「我們這邊櫻花季的時候,我們這邊是走文化、生態跟生活,所以我們整排都是櫻花,我們還是堅持我們的山櫻花。」
諾大的草皮,是無痕露營區、也是部落青年學習傳統獵人文化的場域。
那羅灣休閒農業區兒少關懷據點負責人 Qetun Silan:「然後平常我們這個露營場只做六日,那平常周間在做什麼?就是我們的Ngasani–Maku(那山麻谷),那山麻谷就是、意思就是我的家啦!」
露營區除了戶外空間;回到室內,這裡卻是部落兒少關懷據點。
那羅灣休閒農業區兒少關懷據點負責人 Qetun Silan:「周間就是部落的小孩,部落的小孩會在這邊,就是我們會有一個其實就是一個安親啦,因為他們的父母親也是早出晚歸或者是隔代教養,家庭功能不是那麼健全的孩子也都可以來這邊。」
Qetun擔任30年的社工督導,長期在原鄉服務,如今退休後回到自己的部落承襲父親Silan的土地;她周末是露營區營主,平日的主要工作其實是兒少關懷據點的負責人,承擔起照顧部落孩子安親照顧的角色。
那羅灣休閒農業區兒少關懷據點負責人 Qetun Silan:「雖然退休,也還是看到部落一些兒少的需求,那我們也希望就是說除了兒少這一塊,主要照顧者這邊也可以有一個紓壓的(空間)。」
Qetun回鄉服務,愛土地、照顧族人的熱忱心意,沒想到卻因為一張罰單給了她一記當頭棒喝。

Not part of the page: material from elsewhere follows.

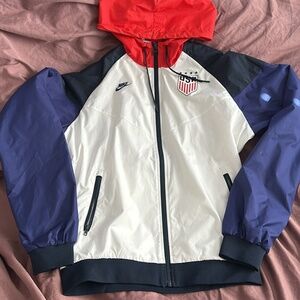 Women's Nike White USWNT Full-Zip NSW Windrunner Hoodie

那羅灣休閒農業區兒少關懷據點負責人 Qetun Silan:「現在我們正在面臨一個很大的問題,也真的是滿尷尬的!就是我們這個區塊我們願意提供、我們願意提供爸爸留下來的土地,可是後來發現到在法令上,我們被劃分為敏感區域、敏感區域,當然這個敏感區域裡面就是在、就是我們變成一定要勒令停業啦!」
打開內政部國土測繪中心,那羅部落休閒農業區當中就有一塊扇形區域,被劃入土石流潛勢溪流區,當中就包含了Qetun的土地,按照現行法規劃分上是禁止蓋房子、也不能設置露營區。
政大地政系副教授 戴秀雄:「它其實是農牧用地,不是不能用的,所以如果從防災角度來講,它唯一要擔心是說會不會有人在上面因此發生危險,那反之如果像我們一般農耕行為或者是說不是一直固定都有人的情況來講,可能就不需要嚴禁到這種程度;但如果從這角度來看的話,這個地方如果允許做露營場那又會怎樣?所以它唯一的隱憂只有那個防災的問題,那麼我其實會覺得會不會這個禁制對於防災,會不會禁到過頭了?」
區域計畫法從民國63年上路至今,土地分區規劃沒有與時俱進,都會區與山區環境條件不同,同一套法令如何相同使用?面對法令重重限制下,犧牲的是原鄉族人對於土地上的使用權利。
那羅灣休閒產業發展協會理事長 Yaweii(徐榮偉):「所以我們這邊很多露營區以前有開的,後來就慢慢地被檢舉,被檢舉之後就不做了;那你不做了,那部落有些就沒有無以計以維生。」
Yaweii說,目前尖石鄉有140多間露營區,只有一家初階段通過合法;原鄉產業發展因為土地受限,讓族人無所適從。
政大地政系副教授 戴秀雄:「以目前的情形來講,我是覺得國土計畫法之下,這個區域目前來扣除聚落範圍是農4以外,其他大部分應該都會在農3情況,其實會比目前彈性大一些。」
國土計畫法分區劃分的討論,正在全國如火如荼進行中,Qetun的故事絕不是單一事件,學者就認為關鍵還是在族人能不能團結部落集體意識、一起重新彙整規劃,將地方的聲音提供給地方政府,藉由這一波國土規劃的調整中,才有利於部落的長期發展。